(Records drawn from a dataset)
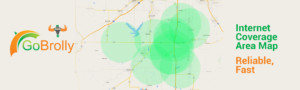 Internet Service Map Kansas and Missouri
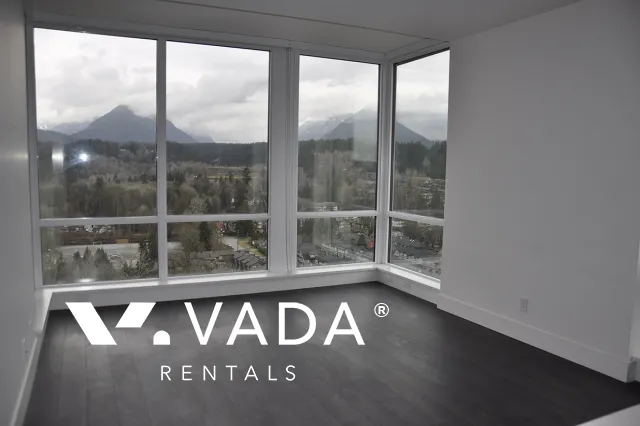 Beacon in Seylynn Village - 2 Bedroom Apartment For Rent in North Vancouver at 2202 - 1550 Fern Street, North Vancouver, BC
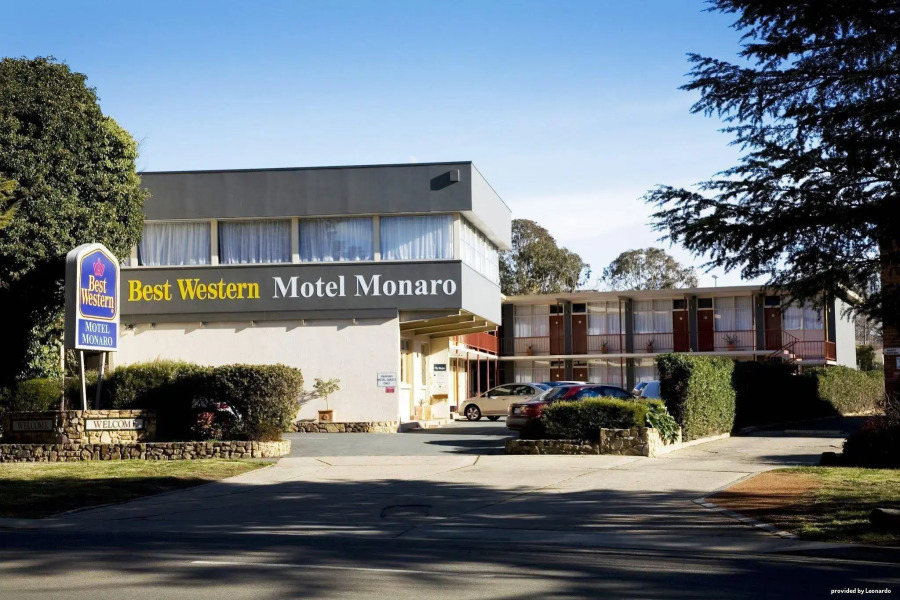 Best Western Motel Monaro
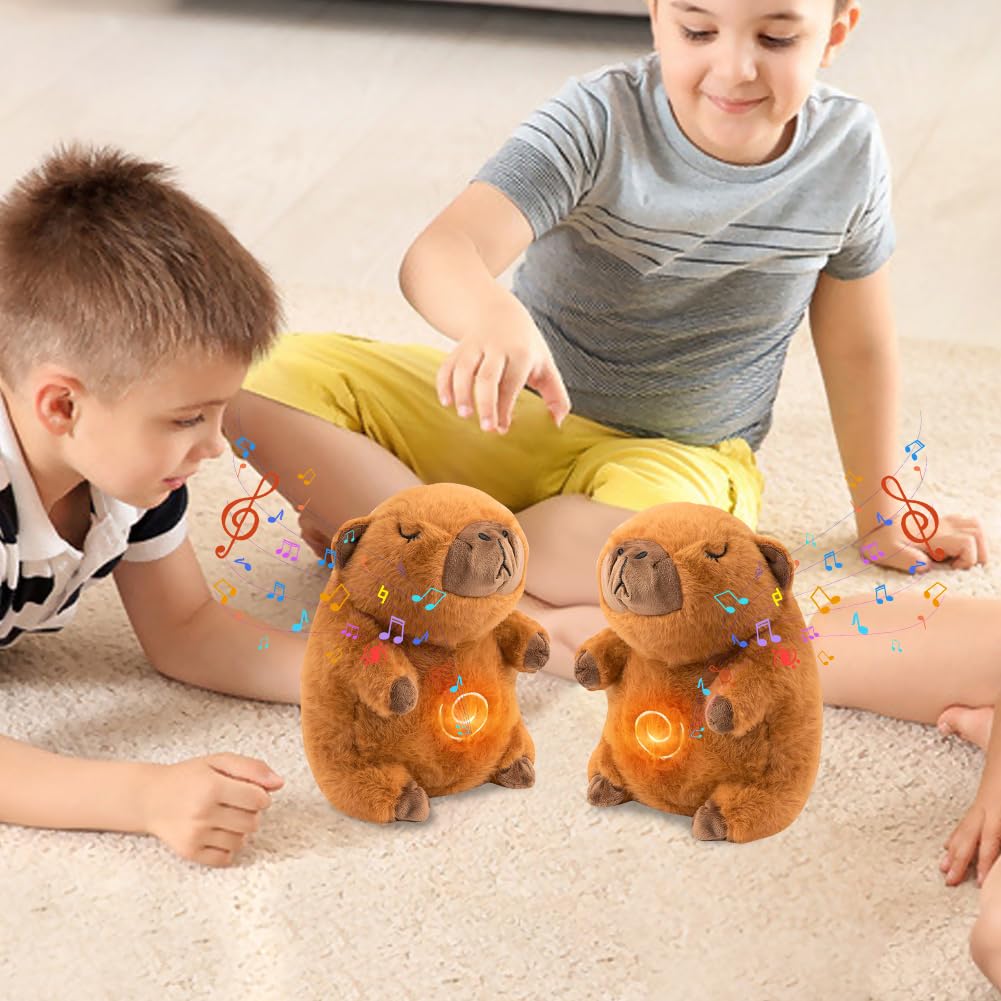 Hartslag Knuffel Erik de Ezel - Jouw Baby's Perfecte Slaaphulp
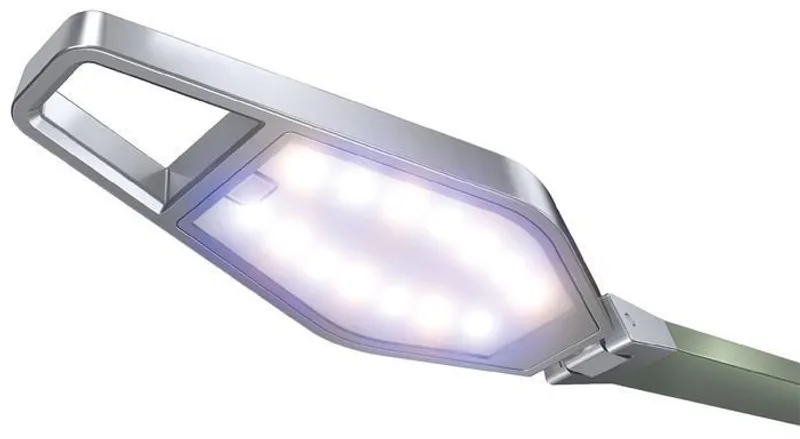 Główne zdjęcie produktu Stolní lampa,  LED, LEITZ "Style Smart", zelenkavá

WHAT YOU NEED TO DO>
Omit each image and transcribe the remaining records word for word.

YOUR RESPONSE>
 Internet Service Map Kansas and Missouri
 Beacon in Seylynn Village - 2 Bedroom Apartment For Rent in North Vancouver at 2202 - 1550 Fern Street, North Vancouver, BC
 Best Western Motel Monaro
 Hartslag Knuffel Erik de Ezel - Jouw Baby's Perfecte Slaaphulp
 Główne zdjęcie produktu Stolní lampa,  LED, LEITZ "Style Smart", zelenkavá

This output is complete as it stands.